Your Wednesday Daily News Digest

by Mark Zalewski

February 15, 2017

In today’s CyclingTips Daily News Digest: Kristoff wins Tour of Oman opener; US judge denies Armstrong request, federal whistleblower case headed to jury trial; Tramadol: Why Some Athletes and Experts Want It Banned; Boonen crashes in Oman, okay to start second stage; Chris Hoy: Cycling needs a shake up; Three Days De Panne-Koksijde signs 10 year agreement with events company Golazo; Gent-Wevelgem announces final teams; Merckx: Tour of Qatar unlikely for 2018; Hennie Kuiper searching for infamous photographer; Wout van Aert tops prize money list; Crash in amateur race after elbows thrown; Behind the scenes making a carbon frame; Film: To The Night.

Tramadol: Why Some Athletes and Experts Want It Banned

by CyclingTips

The powerful painkiller tramadol has been in the news with increasing frequency as riders open up about its use in the peloton and the MPCC, UCI and World Anti-Doping Agency (WADA) in dispute over whether to ban it, with WADA deciding not to for this year. The US Anti-Doping Agency (USADA) disagrees with WADA and published this feature to urge WADA to add tramadol to the prohibited list. Here is an excerpt:

The narcotic painkiller tramadol is a still-legal substance in sport that is both powerful and dangerous. USADA, alongside numerous other organizations in the world of sport, believe that the time is now for WADA to finally move the drug from its Monitoring Program (where it has been since 2012) to the Prohibited List, alongside 12 other narcotics that are already banned in-competition.
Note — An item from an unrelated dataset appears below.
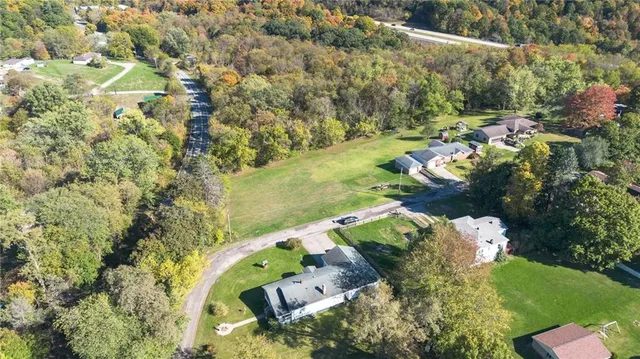 an aerial view of a house with a yard and lake view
While USADA and other consulted stakeholders provided substantial evidence about the health risks and abuse of tramadol in sport after WADA requested comment on its inclusion in 2015, WADA has not yet added the drug, which is being abused in at least one sport. According to the WADA Monitoring Program, 71 to 82 percent of the tramadol use between 2012 and 2015 in globally monitored sports occurred in cycling.

Without doubt, tramadol raises legitimate questions about how it should be regulated in sport, as it has both clinical utility and potential for abuse. The debate becomes particularly complex when a drug is associated so closely with a single sport.

However, the enormity of the drug’s threat becomes more apparent when some athletes talk about their experiences with the powerful painkiller.